> [YOUR OBJECTIVE]: From the line containing "Набір силіконових кухонних" to the line containing "Farm Dining Table" in the records below, set down every line exactly as it stands, both ends included, and skip the pictures.

[[ INFORMATION SHOWN, beginning ]]

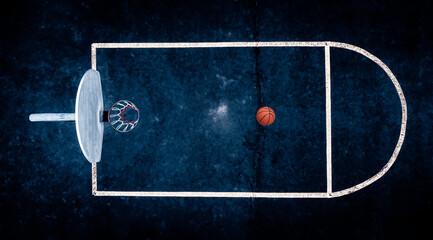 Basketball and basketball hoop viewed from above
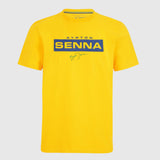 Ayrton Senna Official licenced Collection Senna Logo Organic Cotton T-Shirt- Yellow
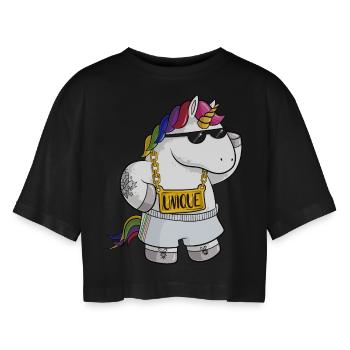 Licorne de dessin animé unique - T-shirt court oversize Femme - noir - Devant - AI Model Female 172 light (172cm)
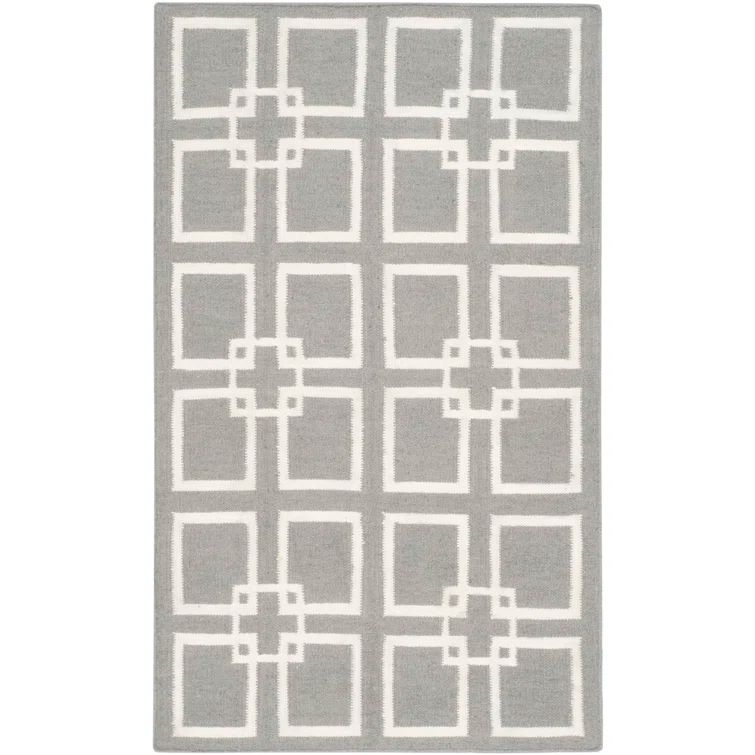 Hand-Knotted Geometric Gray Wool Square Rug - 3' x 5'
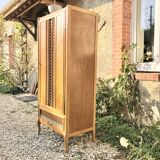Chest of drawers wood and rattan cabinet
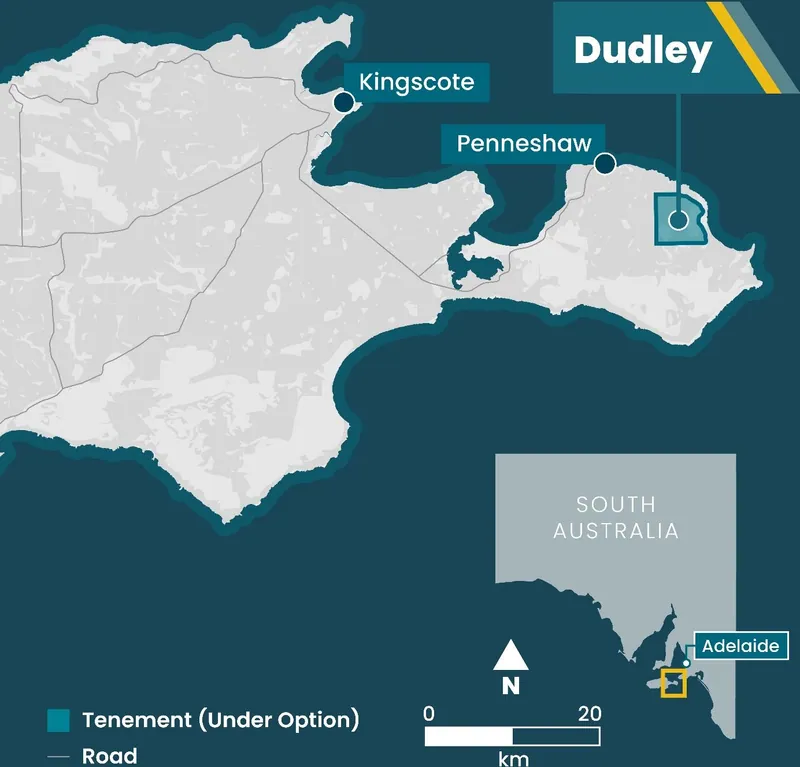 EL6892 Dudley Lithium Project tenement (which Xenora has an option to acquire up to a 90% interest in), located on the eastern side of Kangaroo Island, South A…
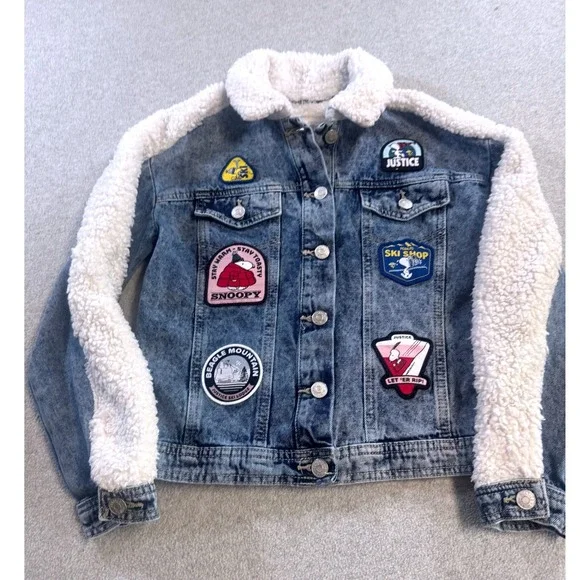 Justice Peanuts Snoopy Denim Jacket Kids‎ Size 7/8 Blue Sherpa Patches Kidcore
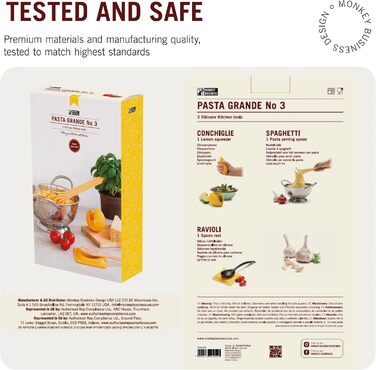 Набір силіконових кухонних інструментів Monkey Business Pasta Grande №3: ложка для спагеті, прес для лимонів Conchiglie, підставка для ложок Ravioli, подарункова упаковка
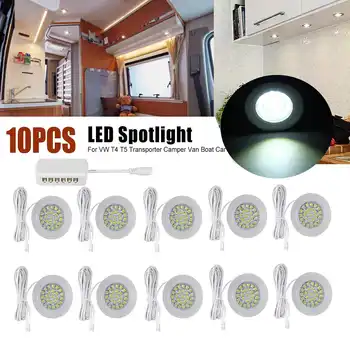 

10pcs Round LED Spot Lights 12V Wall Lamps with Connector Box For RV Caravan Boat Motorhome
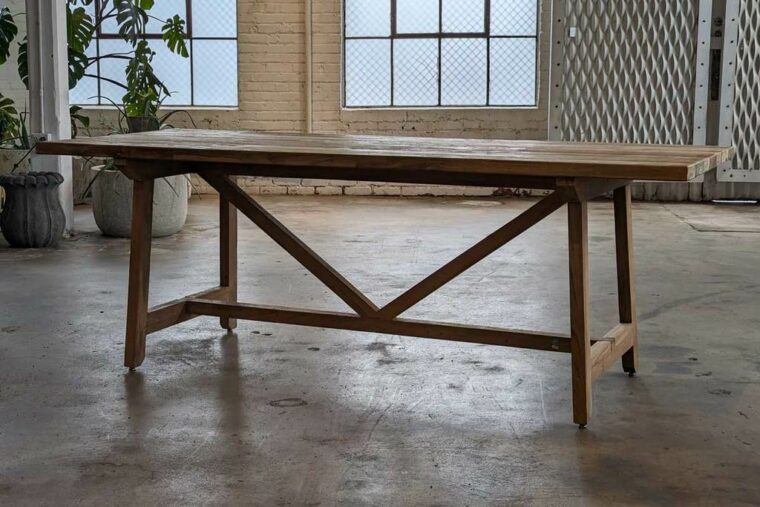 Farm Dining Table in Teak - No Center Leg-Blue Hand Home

[[ INFORMATION SHOWN, end ]]
[[ INFORMATION SHOWN, beginning ]]

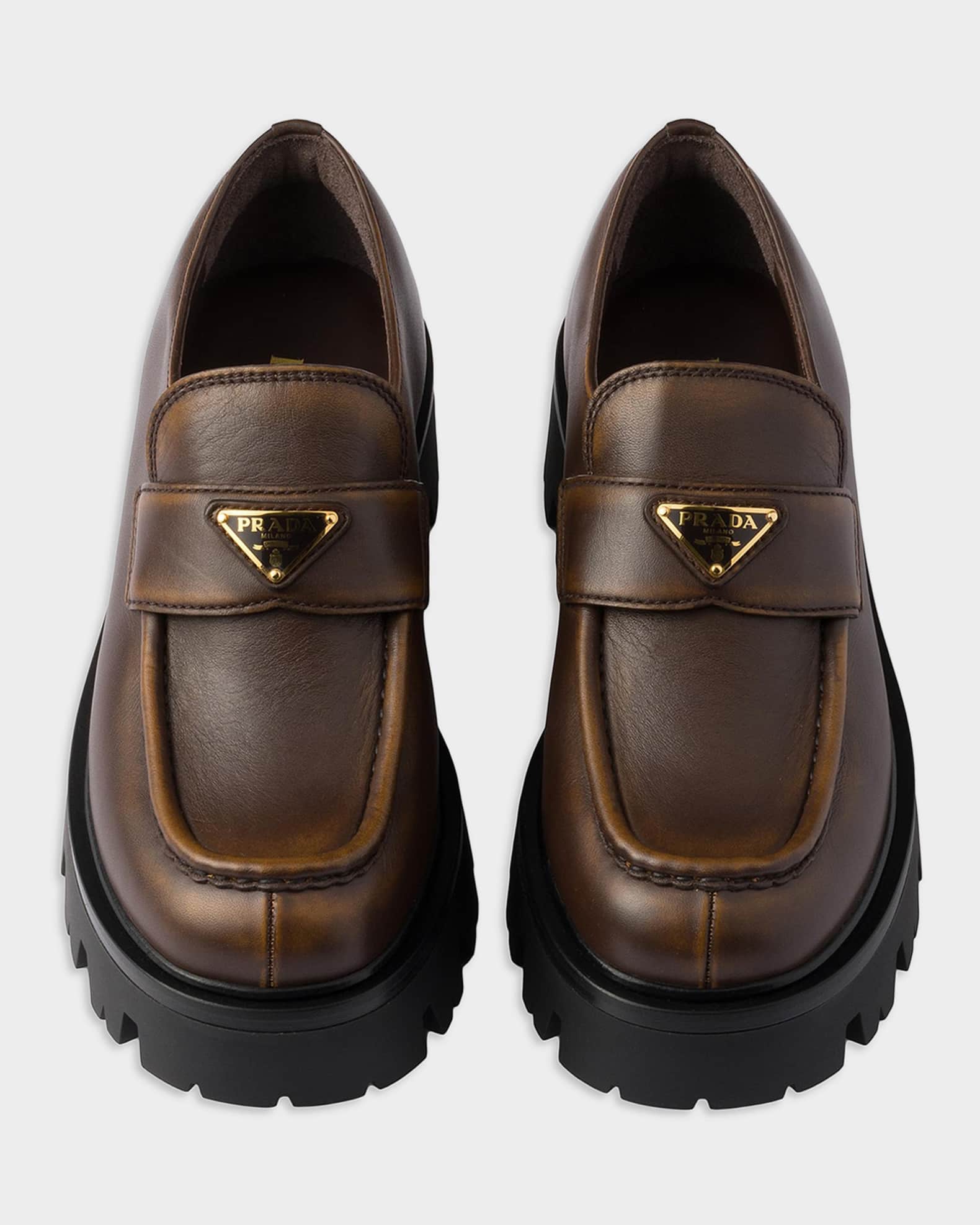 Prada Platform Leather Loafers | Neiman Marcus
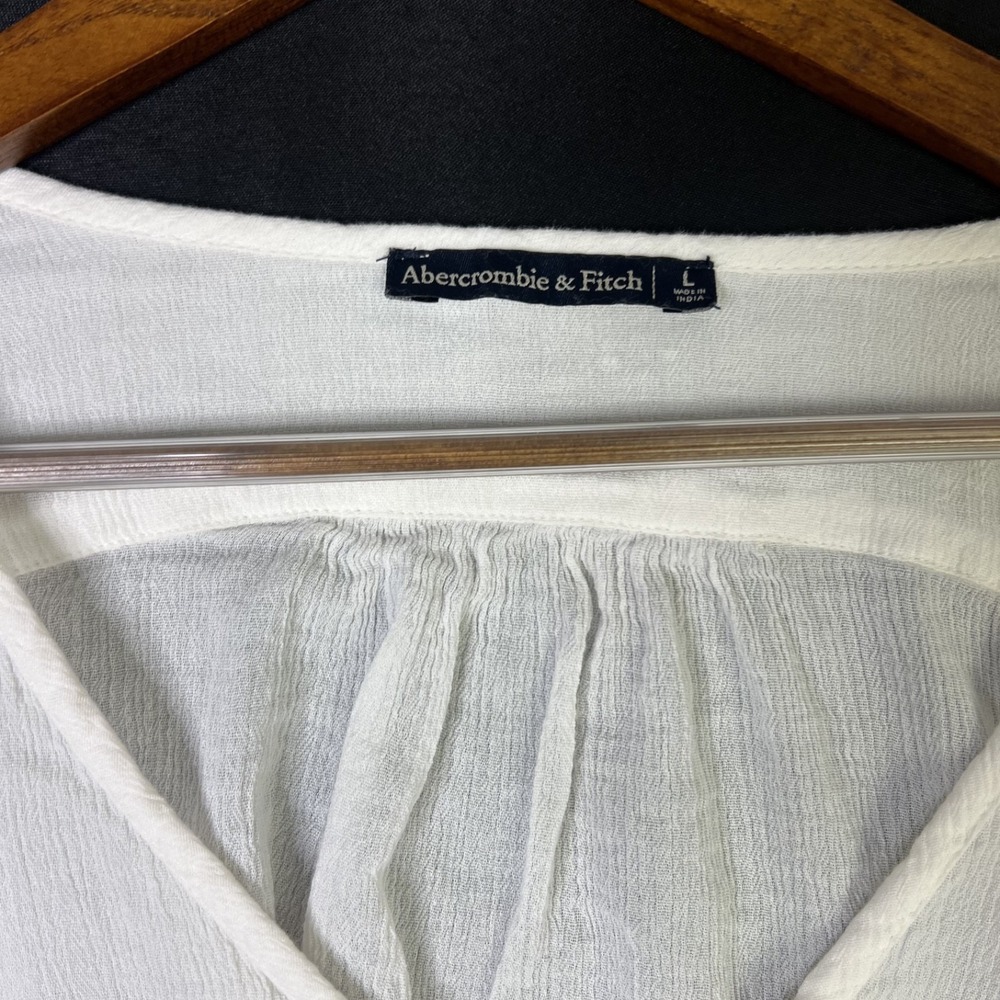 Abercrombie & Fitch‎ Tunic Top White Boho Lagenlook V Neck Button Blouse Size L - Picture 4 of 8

[[ INFORMATION SHOWN, end ]]

> [TASK RESPONSE]:
 Набір силіконових кухонних інструментів Monkey Business Pasta Grande №3: ложка для спагеті, прес для лимонів Conchiglie, підставка для ложок Ravioli, подарункова упаковка

10pcs Round LED Spot Lights 12V Wall Lamps with Connector Box For RV Caravan Boat Motorhome
 Farm Dining Table in Teak - No Center Leg-Blue Hand Home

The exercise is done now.